Nous n’apprécions pas la polémique, mais avons pris connaissance de votre critique (« Je suis blanc et je vous merde » de Soeuf Elbadawi, signé Selim Lander, 07/03/2026).

Nous estimons que chacun est libre de démolir un spectacle, qu’on a le droit également de ne pas saisir les codes empruntés par son auteur. On a surtout le droit de ne pas apprécier ce qui y est raconté, au point d’imaginer que le public trouve son propos folklorique, voire dépassé. Mais critiquer l’embonpoint chez une ou un artiste nous semble scandaleux, par rapport à une pièce exigeant entre autres le respect de la dignité humaine. Nous trouvons votre propos méprisant et violent.

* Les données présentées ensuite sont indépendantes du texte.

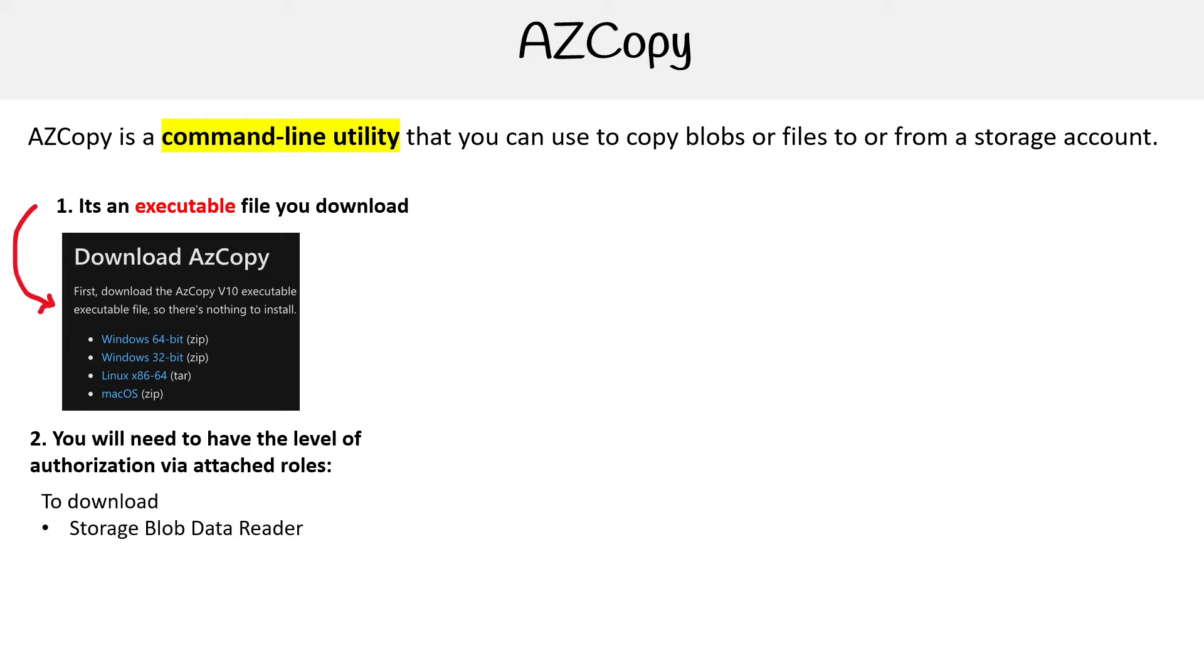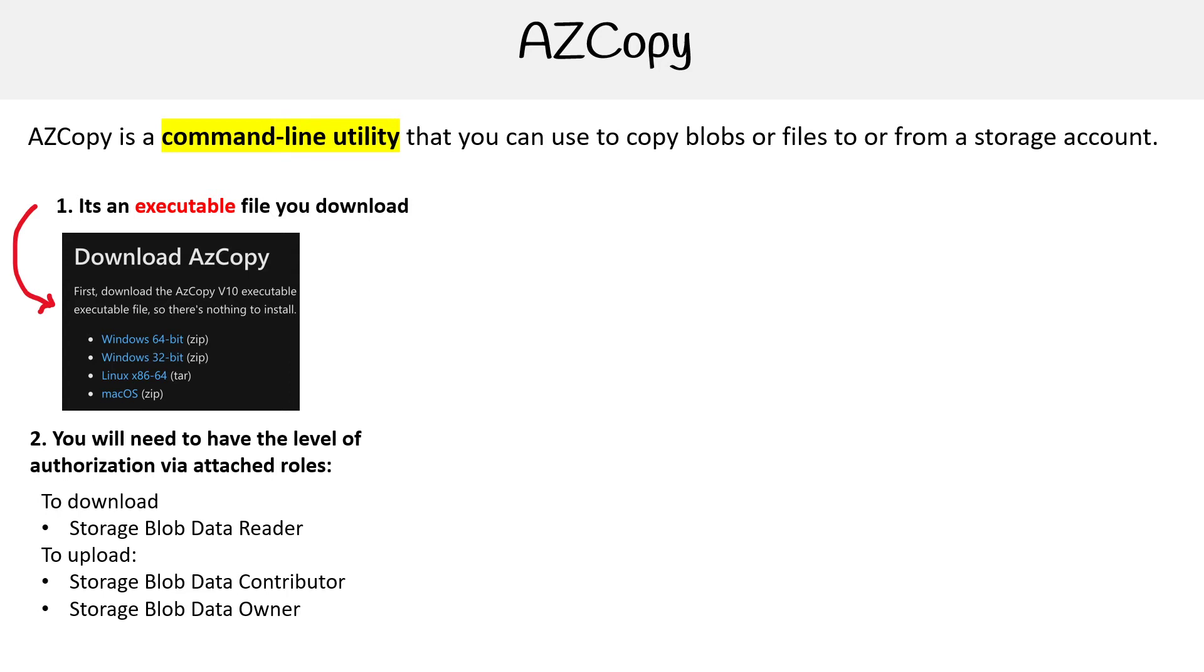For download, you'll need Storage Blob Data Reader. For upload, Storage Blob Data Contributor and Storage Blob Data Owner. So just be aware that you need to have those roles available to your user account.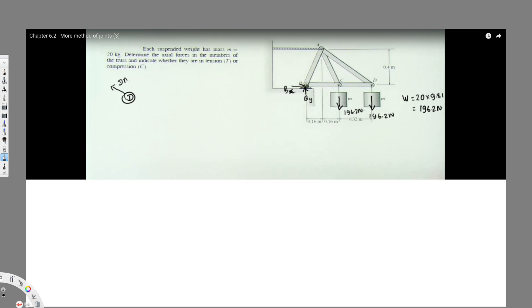At joint D we have members DA and DC. We can assume directions — if you get a negative sign it means you assumed the wrong direction and can correct it. The 196.2 Newton load is acting downward at this joint.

Nous pouvons admettre qu’un spectateur se trompe à l’écoute d’un texte volontiers exigeant, voire qu’il entende des voix lui soutenant le contraire de ce qui y est dit, lorsque la fatigue le gagne. Cela arrive : nos neurones ne sont pas toujours au rendez-vous. Mais permettez-nous d’avoir une autre perception des événements. La phrase, apparemment citée, dit exactement ceci : « Quand un blanc – le Blanc – entre en toi, il peut te ronger le cerveau jusqu’à l’os ».